トラップ横の木に良く止まった。手前の外灯にも、「テナガ」「フタテンアカ」等飛来。

しかし、「タイワンテナガ」には皆、気を使っていた。台湾の採集仲間も、灯下周りで見つけても無視をするか、拾っても「こっちに来るな!」と、言わんばかりに山に投げ返していた。よっぽど「怖い虫なんや」と内心思った。私は以前T氏から頂いた幼虫を羽化させた事はあるが、あまり気持ちの良い虫とは思えなかった。はっきりいって気持ち悪かった・・・。写真にだけでも収めればと帰国後少し後悔はしたが・・

途中、ウー氏にジャッカル氏達から連絡が入る。なにか飛んできたみたいだ。

PM11:30ライトトラップ終了、本日のトラップにも、「タイワンオオクワ」は飛んで来なかった・・・・

ジャッカル氏達が採れた虫を持ってこっちに来ると言うのでまつことに。
なんと!「オオクワ」「シェンク」が飛んできたそうである。

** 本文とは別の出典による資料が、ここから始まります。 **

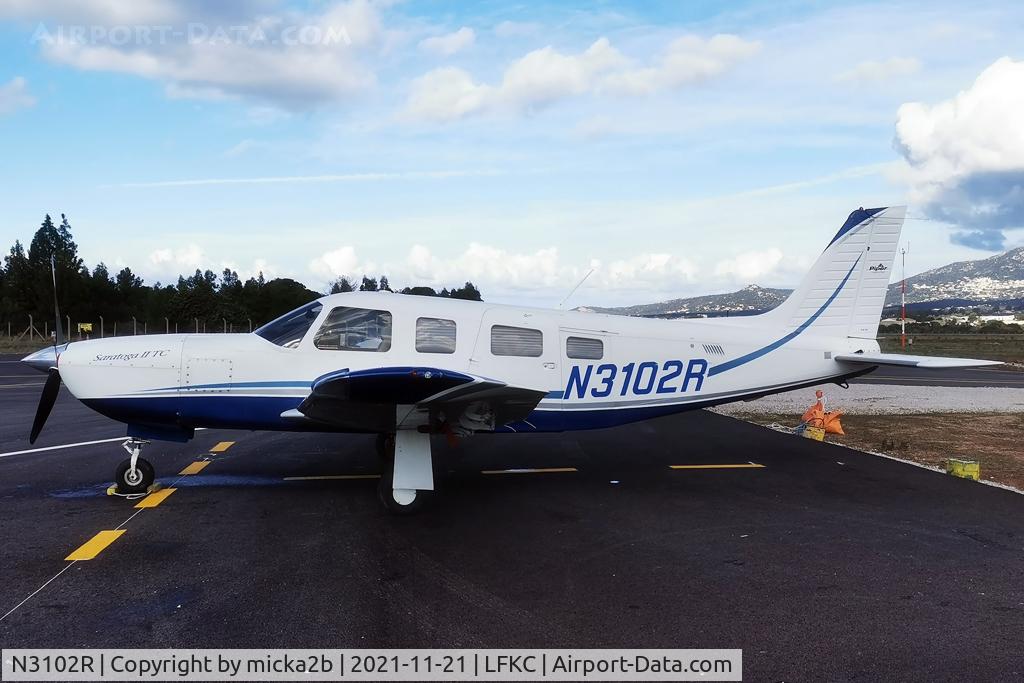 N3102R, 2004 Piper PA-32R-301T Saratoga II TC Turbo Saratoga C/N 3257360, Parked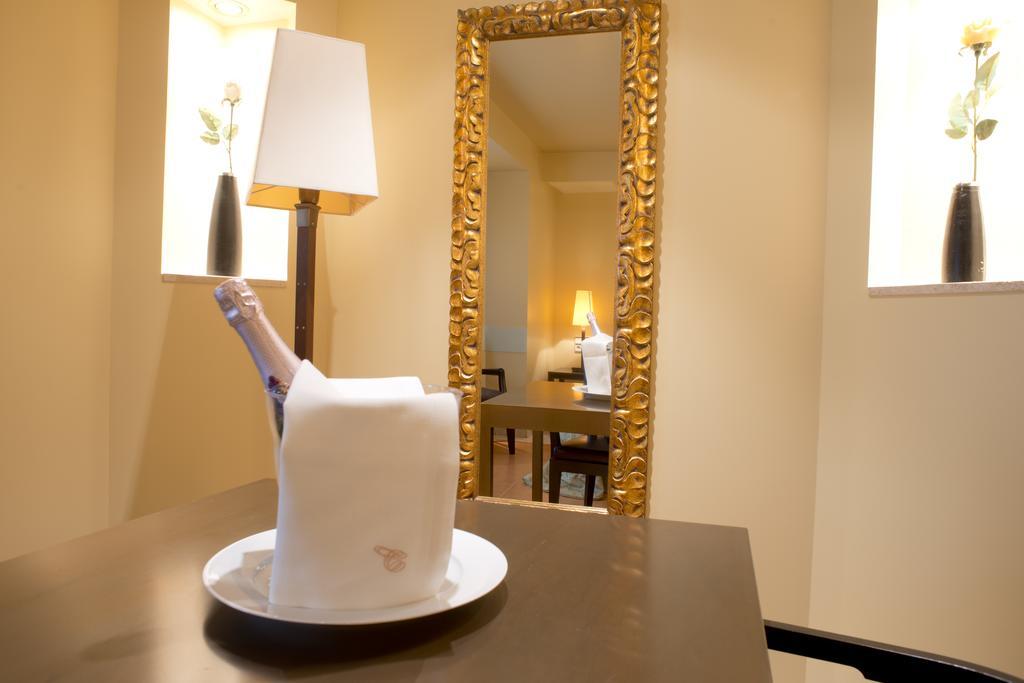 A Casa Canut Hotel Gastronomic Les Escaldes ภายนอก รูปภาพ A champagne bucket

両方とも♀1頭ずつだったが、オオクワのメスのでかさにびっくりした。山で見た感じは46-7mmはありそうな感じであったが、実際は43.5mmであった。その場で図鑑を広げ、タイワンオオと、シェンクのどちらが好きかとT氏に聞いているようだった。話をしたT氏もその場ではどちらかくれるのではないかと思ったらしいが、一旦彼らの自分のケースに戻したので期待をさせては悪いと思って、我々には言わなかったらしい。

ホテルまでの帰路、灯下回りをすることに。残念ながら採れたのはフタテンアカとミヤマくらいであった。しかし、シュウ氏の車をジャッカル氏の友達が運転していたのでおかしいとは思ったが、どうやらシュウ氏が足を痛めたらしい。

ホテルに戻って、今回お世話になった方々との記念撮影。下段右端が若干15歳にして15℃の部屋を持っているというジャック。

この後の別れ際、ジャッカル氏が、我々に今日採った虫をプレゼントしてくれるという。少しは期待していたが、両方くれるとはなんとも太っ腹「感謝」「感激」である。「シーユーアゲイン、ネクストタイム」「サンキュー」「シェイシェイ」と、興奮気味に日本語英語、日本語中国語の訳の分からない言葉ででお礼をいい、熱い握手を交わして別れる事に・・本当に気持ちのいい人たちであった。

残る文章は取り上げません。